Passionfruit

Grafted vs. non-grafted passionfruit vines

Nellie Kelly is most famous for its unique method of grafting popular passionfruit vines onto a hardier rootstock vine. This creates plants that are less susceptible to disease, pests and frosts and allows for greater fruit production.

The official rootstock of all grafted Nellie Kelly Passionfruit vines is the blue passionfruit (Passiflora caerulea) which replaced the original rootstock of banana passionfruit (Passiflora mollissima) over sixty years ago.

While Nellie Kelly’s grafted passionfruit vines have obvious advantages there are certain circumstances where the non-grafted varieties are more suitable. Nellie Kelly’s non-grafted Black and non-grafted Banana Passionfruit vines are recommended for gardens with coarse or sandy soils where grafted vines would be prone to suckering. These non-grafted vines also thrive in warmer, tropical areas where frost is not a problem.

Planting your vine



Nellie Kelly Passionfruit vines should be planted in sunny, well drained areas where they are protected from the wind and their rapid growth can be supported by a strong trellis, fence or building. Expect them to grow to 6 metres square over the summer months, with the added weight of 300 to 400 pieces of fruit a season.

The vine is best planted facing north or where it can get the 4 to 6 hours of direct summer sunlight it needs to ripen the fruit. Planting in a shadier position will result in lots of green foliage but unripe fruit. The best time to plant your Nellie Kelly Passionfruit vine is in early spring after the cold weather has passed.

Fertilising your passionfruit vine



In the days before synthetic fertilisers, it was common practice to place a lambs heart or ox liver in the ground with a passionfruit vine to provide the iron and nitrogen it needed. These days you can use an organic blood and bone fertiliser raked into the garden bed or a top-dressing of aged chicken manure.

Fertilise your passionfruit vine early in the spring after a thorough pruning and then again after the fruit has been picked. Over fertilising will cause the flowers to drop off and prevent fruit from forming.

For new plants, fill the bottom of the hole with some blood and bone first, and for developed plants spread the fertiliser over a wide area around the base of the vine before gently raking in and giving a light water.

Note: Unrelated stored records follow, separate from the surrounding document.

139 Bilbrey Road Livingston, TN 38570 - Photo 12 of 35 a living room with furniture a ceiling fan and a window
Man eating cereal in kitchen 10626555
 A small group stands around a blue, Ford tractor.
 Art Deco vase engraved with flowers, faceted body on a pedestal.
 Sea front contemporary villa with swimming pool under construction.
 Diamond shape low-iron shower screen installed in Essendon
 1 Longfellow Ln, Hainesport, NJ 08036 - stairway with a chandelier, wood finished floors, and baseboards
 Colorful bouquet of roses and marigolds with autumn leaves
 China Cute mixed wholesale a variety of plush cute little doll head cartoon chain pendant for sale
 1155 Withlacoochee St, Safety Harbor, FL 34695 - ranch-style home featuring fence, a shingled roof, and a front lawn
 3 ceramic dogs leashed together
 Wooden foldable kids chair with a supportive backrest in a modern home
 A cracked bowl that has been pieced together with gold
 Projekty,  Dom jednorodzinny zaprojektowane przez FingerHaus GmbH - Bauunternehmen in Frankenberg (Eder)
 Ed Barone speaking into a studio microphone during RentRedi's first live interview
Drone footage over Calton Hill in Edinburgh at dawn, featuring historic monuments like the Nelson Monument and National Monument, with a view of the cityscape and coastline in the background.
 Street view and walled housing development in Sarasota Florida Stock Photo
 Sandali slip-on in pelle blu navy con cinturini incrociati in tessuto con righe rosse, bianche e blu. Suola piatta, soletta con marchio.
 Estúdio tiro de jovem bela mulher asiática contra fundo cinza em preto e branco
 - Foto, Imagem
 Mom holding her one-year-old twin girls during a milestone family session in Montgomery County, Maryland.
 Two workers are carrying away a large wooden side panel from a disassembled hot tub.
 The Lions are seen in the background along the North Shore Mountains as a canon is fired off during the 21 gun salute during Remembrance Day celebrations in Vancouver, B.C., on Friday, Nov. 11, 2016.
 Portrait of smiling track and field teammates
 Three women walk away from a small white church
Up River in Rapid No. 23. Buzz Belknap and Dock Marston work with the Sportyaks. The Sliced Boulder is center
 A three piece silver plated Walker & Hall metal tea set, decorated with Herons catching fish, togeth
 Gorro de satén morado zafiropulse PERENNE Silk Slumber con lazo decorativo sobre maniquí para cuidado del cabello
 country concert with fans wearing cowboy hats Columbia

Pruning your passionfruit vine



For optimum fruit production and plant health, it is important to prune passionfruit vines each spring to promote new growth where the flowers and fruit can form. The best time is in early spring, after the last of the cold weather. Remove a third of the previous year’s growth and leave the major runners and laterals on your trellis. Neglecting to prune your vine can result in unwanted disease and poor fruit production.

Fertilise after pruning by spreading a good top-dressing of blood and bone or aged chicken manure in a wide area from the base of the stem. Rake this in lightly and water.

Passionflowers & passionfruit



Due to the bisexual nature of passionflowers, one plant is capable of fruiting heavily on its own. Unlike the kiwi fruit, there is no need for a male and female plant.

Flowers generally appear in mid-spring before setting to fruit in early summer. Application of superphosphate around the base of your vine will encourage flower growth, while adding potash will help them set. The fruit that forms needs several solid days of direct summer sunlight to ripen, resulting in a darker, wrinkly skin.

Always water widely around the base of your passionfruit vine while fruit is ripening, especially on hotter days. Lack of sufficient water during this period results in fruit with poor quality pulp and little juice.